Теперь мой приятель собирается поехать на курорт. Или в Ессентуки, или в Боржом. Я не знаю. Одним словом, рассчитывает, что польза будет.
Я, со своей стороны, тоже рассчитываю, что курорт принесет ему пользу. Постоит человек за железнодорожным билетом ночки две, потреплется за справками да за получением денег – и спустит как миленький пуда два, если не больше.
Да оно и понятно. Тут будет, можно сказать, непосредственное воздействие природы на человеческий организм.
1927
Мелкота
Хочется сегодня размахнуться на что-нибудь героическое. На какой-нибудь этакий грандиозный, обширный характер со многими передовыми взглядами и настроениями. А то все мелочь да мелкота – прямо противно.

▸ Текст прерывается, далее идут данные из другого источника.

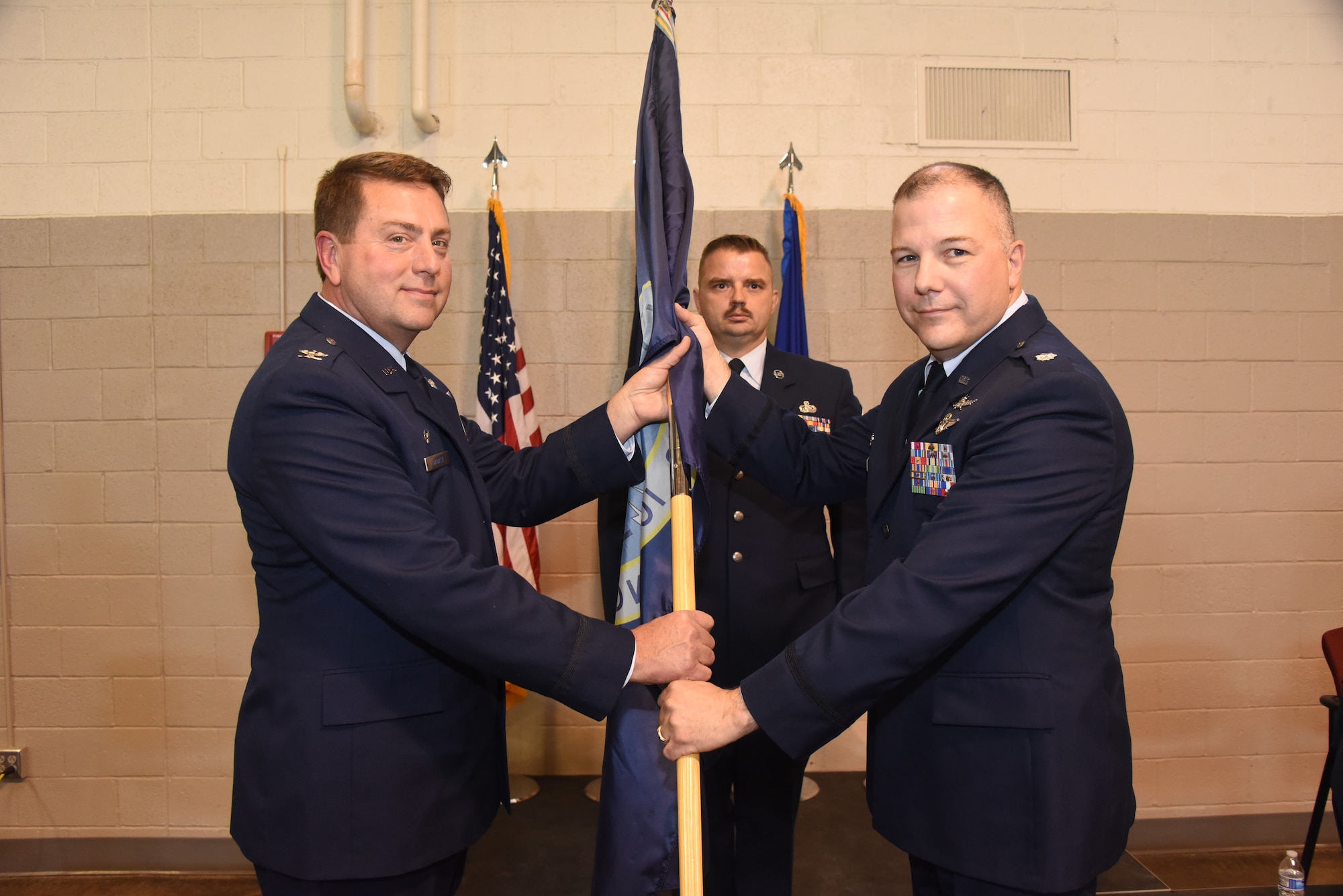 Lt. Col. Jason Kolacia accepts guidon from Col. Mark Muckey, Commander of the 185th Air Refueling Wing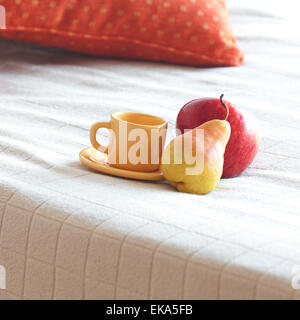 Tasse Tee, Apfel und Birne auf dem Bett Stockfoto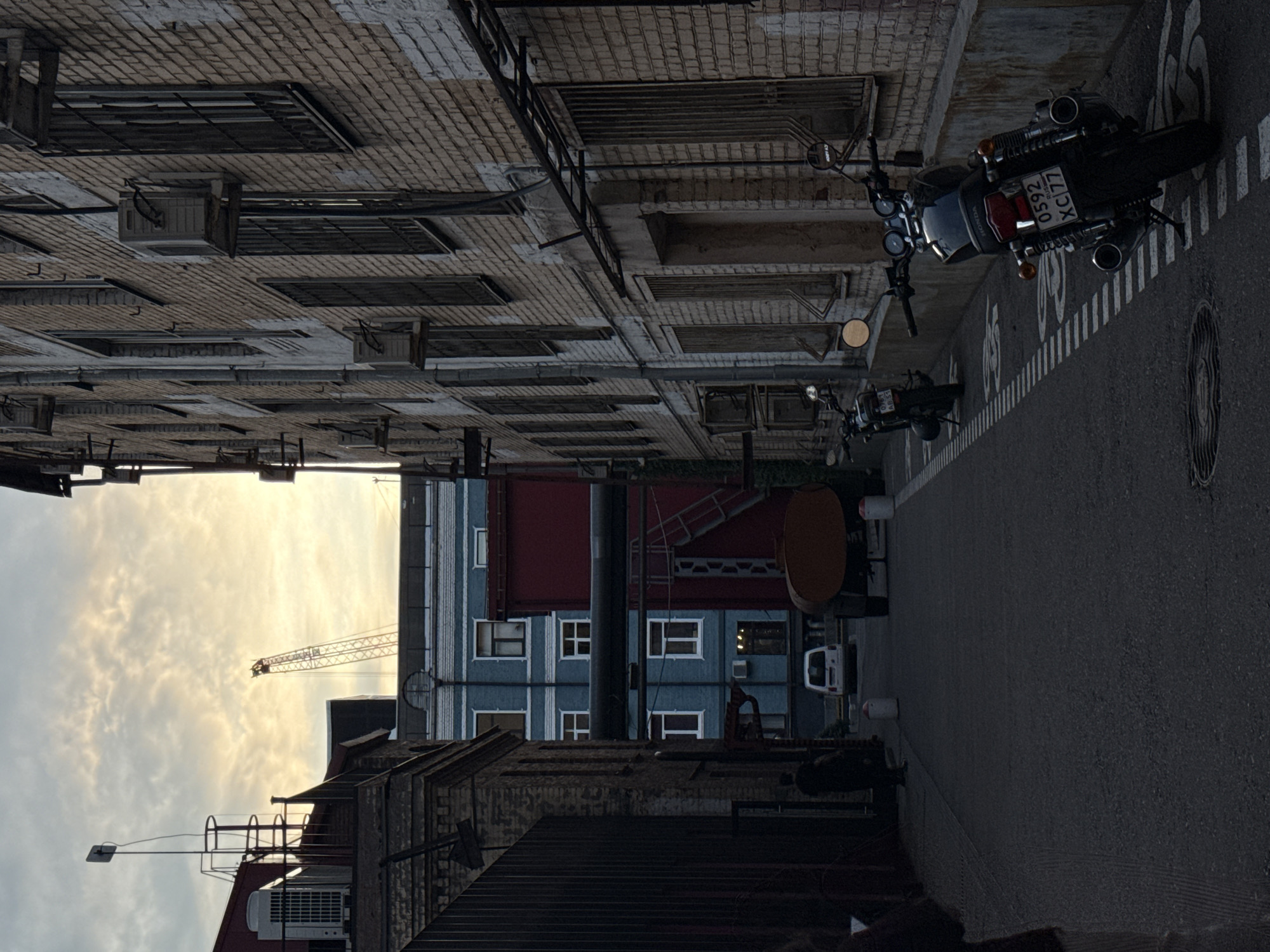 The image depicts an industrial alleyway in Moscow, Russia, at dusk or dawn. On the right, a weathered brick building with multiple windows, some barred, lines the alley. Air conditioning units are mounted on its exterior. Two motorcycles are parked on the left side of the alley, one in the foreground with a Russian license plate "0592 XC77" and another further back. The alley pavement is marked with white lines, possibly indicating a bike lane. In the background, a light blue apartment building with white-trimmed windows stands between two darker industrial structures, one red. A white van is parked in front of the blue building. The sky above is cloudy with a warm glow, and a construction crane is visible in the distance. A few indistinct figures are present in the alley.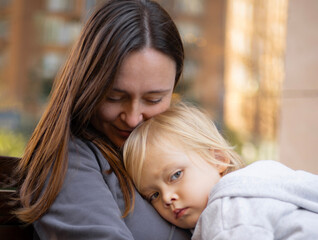 Obraz premium a three-year-old boy rested his head on his mother's shoulder, motherhood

Или, может, не поперло нам в жизни, только так и не удалось нам встретиться близко с каким-нибудь таким героическим товарищем. Все больше настоящая мелкота под ногами путалась.
А скучаю я, братцы, по настоящему герою! Вот бы мне встретить такого!
Одного я, впрочем, встретил недавно. И даже нацелился на него – хотел героем в повесть включить. А он, собака, в самую последнюю минуту до того свернул с героической линии, что и писать о нем в пышном стиле прямо нет охоты.
Конечно, обстоятельства сложились неаккуратно. Главная причина – заболел человек.
А заболел он девятнадцатого декабря прошлого года. Простудился, видите ли. Сначала стал он легонько кашлять и сморкаться. Потом прошиб его цыганский пот. Потом началось трясение всего организма. И наконец слег человек прямо, скажем, без задних ног.
На второй день, как слег, закрылось у него почти все дыхание – ни охнуть, ни чихнуть. Начался отчаянный процесс в легких и замирание всего организма. И вообще приближение смерти.
Не желая расстраивать читателей, скажем заранее, что в дальнейшем человек все-таки поправился, не помер и вообще на днях приступил к исполнению служебных обязанностей. Но смерть близко к нему подходила.
Другой, менее передовой, товарищ очень бы от этого прискорбного факта расстроился. Но товарищ Барбарисов был настоящий герой. Бился на всех фронтах. И завсегда при мирном строительстве всех срамил за мелкие мещанские интересы и за невзнос квартирной платы.
Товарищ Барбарисов не испугался какой-то мелкомещанской смерти. Он только рукой махнул на своих рыдающих родственников – дескать, отойдите, черти, без вас тошно. Настановились тут со своими харями…
Но, между прочим, в самую последнюю минуту все-таки подкачал. Свернул со своей передовой программы.
А начал он произносить какие-то слова.
Обступили, конечно, родственники опять. Стали спрашивать, дескать, про что лепечете.
Барбарисов говорит:
– Венков не надо. Пущай лучше крышу у нас кровельным железом кроют. И, – говорит, – пущай попов на пушечный выстрел ко гробу не подпущают. Только, – говорит, – в крематорий меня везть не надо. Умоляю вас. Пожалуйста. Похороните обыкновенно.
Родственники начали успокаивать, дескать, об чем речь, – конечное дело, какой там крематорий.
Горько на это усмехнулся Барбарисов.
– Нет, – говорит, – боюсь, что в этом смысле товарищ Галкин может подкузьмить. Я ему в дружеской беседе сам про это не раз говорил и настаивал. Как бы теперь он, подлая личность, на этом не настоял. Не допущайте сжигать. Я, – говорит, – не привык еще к этому.
После этих слов начался кризис, легкий сон и освобождение организма от всякой дряни. И вообще стал поправляться человек.
Через неделю, когда Барбарисов, розовенький и свеженький, сидел в своей постели на подушке, зашел к нему с визитом товарищ Галкин. Очень о многом они говорили. Барбарисов очень извинялся за крематорий.